ASSIGNMENT:
Wherever the word "Chips" turns up in a line of the entries, copy that line.

RECORDS:

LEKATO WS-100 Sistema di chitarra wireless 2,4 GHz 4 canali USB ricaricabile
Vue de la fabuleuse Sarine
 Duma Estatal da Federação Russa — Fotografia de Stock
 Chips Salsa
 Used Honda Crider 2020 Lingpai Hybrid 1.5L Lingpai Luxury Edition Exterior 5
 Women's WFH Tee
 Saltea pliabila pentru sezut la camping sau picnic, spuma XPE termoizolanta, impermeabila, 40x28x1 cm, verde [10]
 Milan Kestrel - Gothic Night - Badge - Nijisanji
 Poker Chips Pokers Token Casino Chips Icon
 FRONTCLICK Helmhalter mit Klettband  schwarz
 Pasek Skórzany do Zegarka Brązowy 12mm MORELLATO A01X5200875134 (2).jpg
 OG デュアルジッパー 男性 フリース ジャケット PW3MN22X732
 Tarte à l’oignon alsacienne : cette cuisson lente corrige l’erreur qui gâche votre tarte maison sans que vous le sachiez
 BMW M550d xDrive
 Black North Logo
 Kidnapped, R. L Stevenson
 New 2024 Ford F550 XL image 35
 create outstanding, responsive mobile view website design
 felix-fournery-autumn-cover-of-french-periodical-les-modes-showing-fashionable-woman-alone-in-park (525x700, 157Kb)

ANSWER BELOW:
 Chips Salsa
 Poker Chips Pokers Token Casino Chips Icon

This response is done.